API Authentication

This guide provides comprehensive instructions for authenticating and interacting with our payment API endpoints using JWT (JSON Web Tokens). Follow these guidelines to ensure secure and successful API integration.

Authentication Requirements

All API requests must be authenticated using JWT tokens. The JWT payload must include your Access Key, which remains constant across all requests. The token must be signed using your Secret Key, which varies between sandbox and production environments. Both credentials can be obtained from the self-service portal.

Security Notice: Treat your Secret Key as sensitive information. Never share it with third parties or expose it in your codebase.

API Base URLs

  • Production: https://mip.urbo.lt/api/v1
  • Sandbox: https://mip.urbo.lt/api/v1/sandbox

JWT Structure

A valid JWT token consists of three parts, separated by dots: header.payload.signature

Header

The JWT header must contain the following fields:

  • alg: The signing algorithm (must be "HS256")
  • typ: The token type (must be "JWT")

Example header:

{
  "alg": "HS256",
  "typ": "JWT"
}

Payload

The JWT payload must include these mandatory fields:

  • jti: A unique token identifier (random string), max 16 characters.
  • exp: Token expiration timestamp (5 minutes from creation).
  • accessKey: Your project's access key.

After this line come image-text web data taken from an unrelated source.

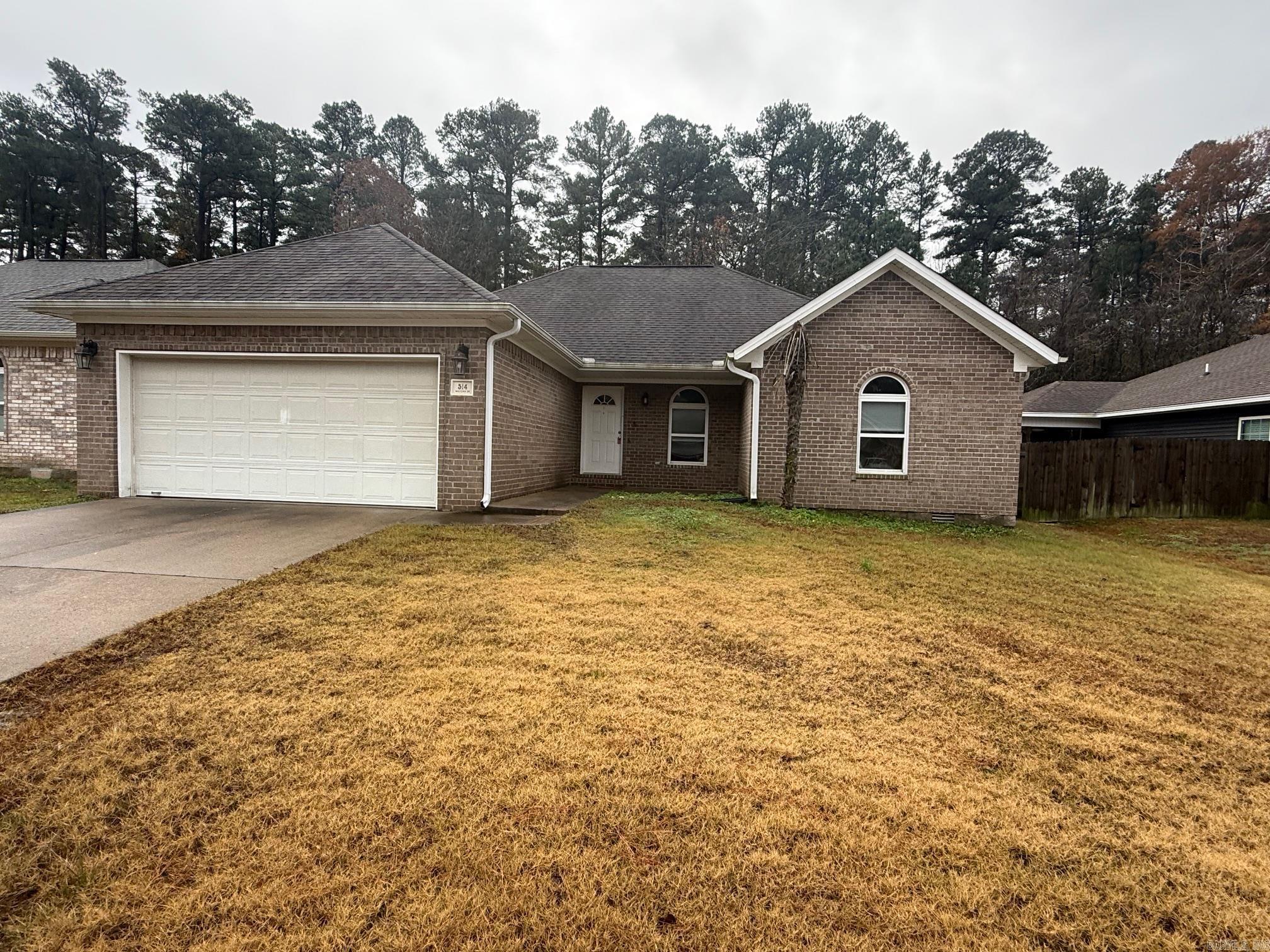 Welcome to 514 Wisteria, a charming 3 bedroom, 2 bathroom home located in the desirable Bauxite School District. This lovely home features a spacious garage, perfect for storing your vehicles or outdoor gear. The open floor plan allows for easy flow between the living room, kitchen, and dining area, making it ideal for entertaining guests or spending quality time with loved ones. Relax and unwind in the large soaker tub, a luxurious feature that adds a touch of elegance to the master bathroom. With a refrigerator included, this home is move-in ready and waiting for you to make it your own. Don't miss out on the opportunity to call 514 Wisteria your new home sweet home. All Prime Realty and Property Management residents are enrolled in the Resident Benefits Package (RBP) for $50.00/month which includes liability insurance, credit building to help boost the resident’s credit score with timely rent payments, up to $1M Identity Theft Protection, HVAC air filter delivery (for applicable properties), move-in concierge service making utility connection and home service setup a breeze during your move-in, our best-in-class resident rewards program, on-demand pest control, and much more!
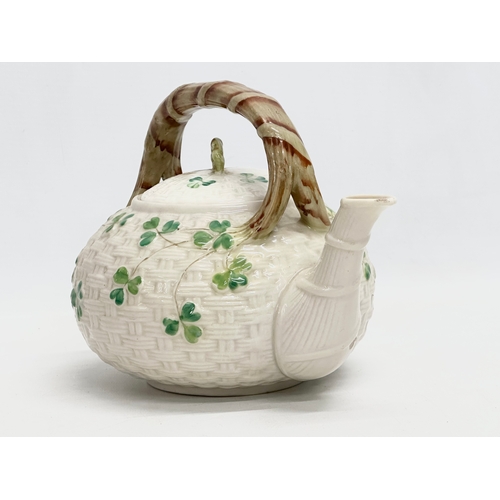 49 - 4 pieces of 2nd Period Belleek Pottery. Late 19th/early 20th century. Circa 1891-1926. Teapot 22x18c... 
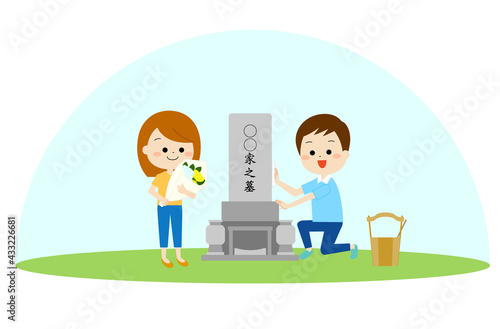 お墓参りをする夫婦
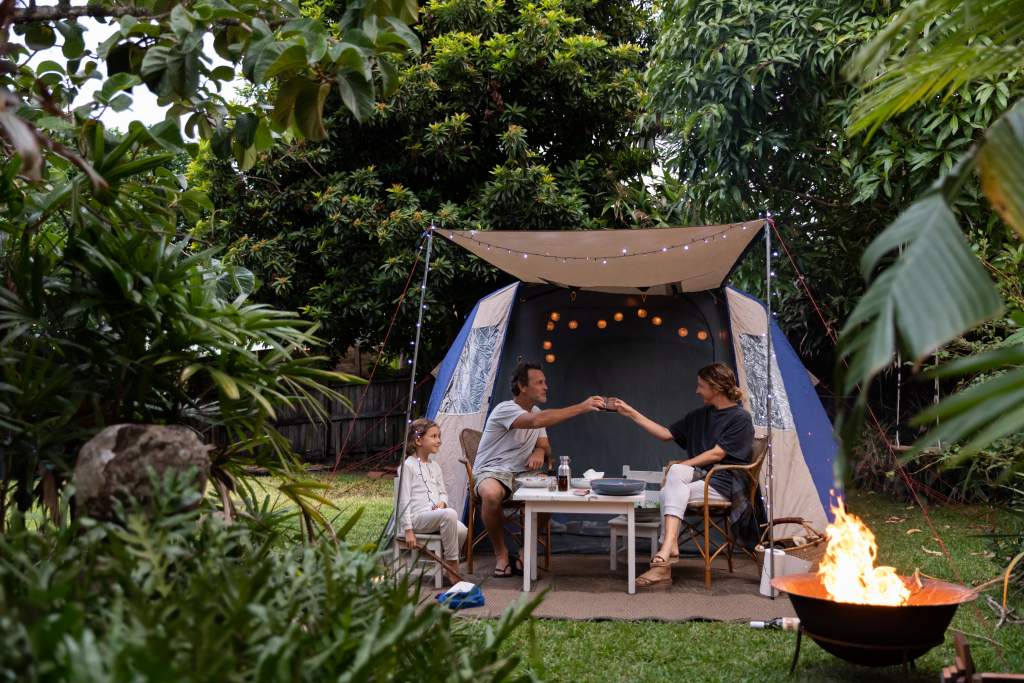 Family of three pitches tent in the backyard with fire pit and lights for summer family picture.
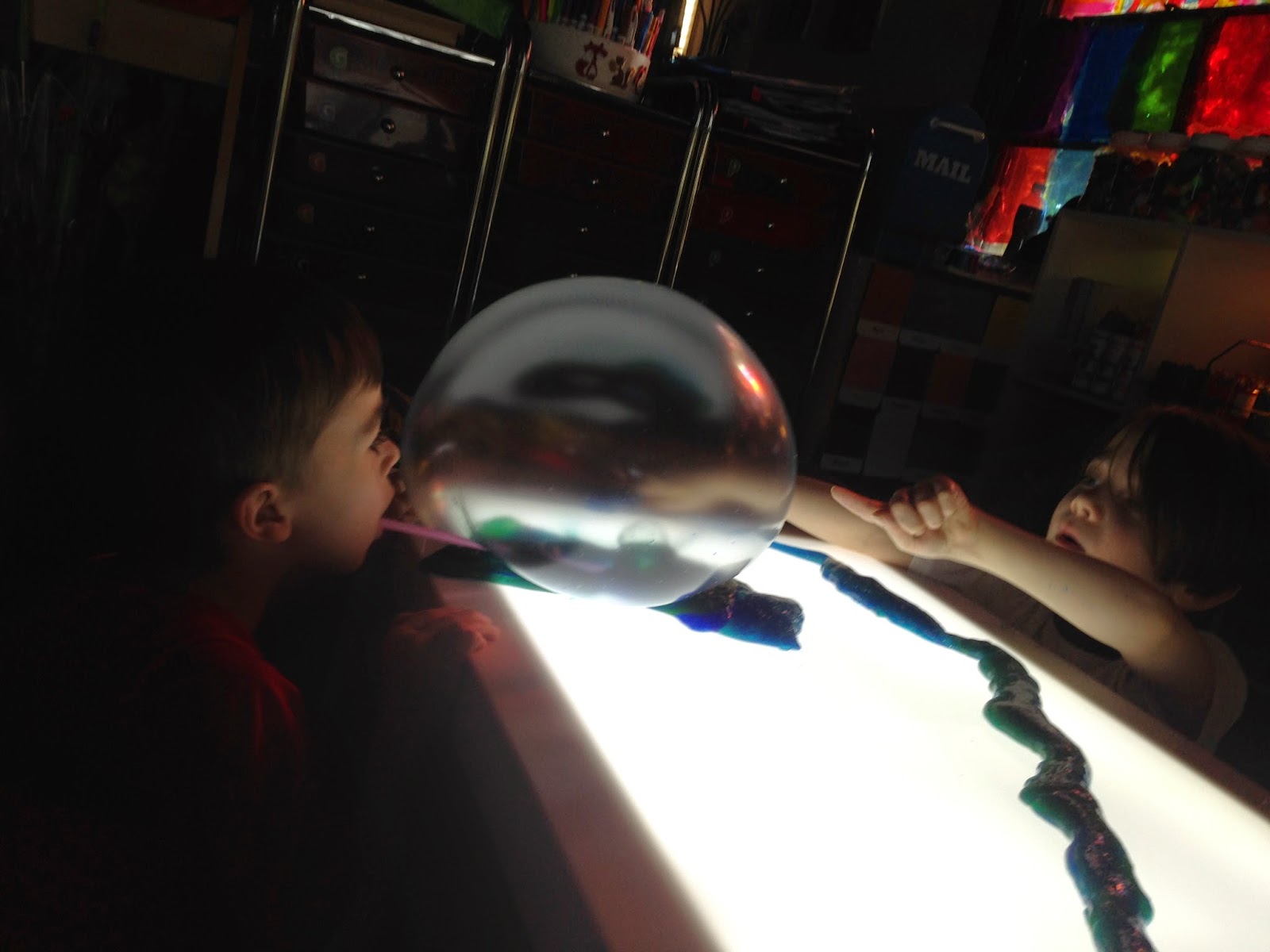silly putty, straws, and light table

Additional fields may be required based on the specific endpoint being called.

Payload example in JSON

{
  "jti": "a3f21d4c8e7b9f01",
  "exp": 1718112345,
  "accessKey": "your-access-key"
  // Additional fields based on endpoint
}

Token Generation examples

const jwt = require('jsonwebtoken');
const crypto = require('crypto');

const payload = {
    jti: crypto.randomBytes(8).toString('hex'),
    exp: Math.floor(Date.now() / 1000) + (5 * 60), // 5 minutes from now
    accessKey: 'your-access-key',
    // Additional fields based on endpoint
};

const token = jwt.sign(payload, 'your-secret', { algorithm: 'HS256' });

Including the Token in Requests examples

To authenticate your API requests, include the JWT token in the Authorization header using the Bearer scheme. Here's how to do it:


curl -X GET https://mip.urbo.lt/api/v1/endpoint \
  -H "Authorization: Bearer YOUR_JWT_TOKEN" \
  -H "Accept: application/json"

Note: Always include the word "Bearer" before the token in the Authorization header. The token should be sent without any additional encoding or wrapping.

Errors

Status CodeDescription
400Token is malformed, has invalid format, or required fields are missing.
401Token is missing, expired, reused, or has an invalid signature.
403Payment initiation is not enabled for the project.
404No project found matching the provided accessKey.
422One or more required payload fields are missing or invalid.
429Too many requests from the same project within the allowed time window.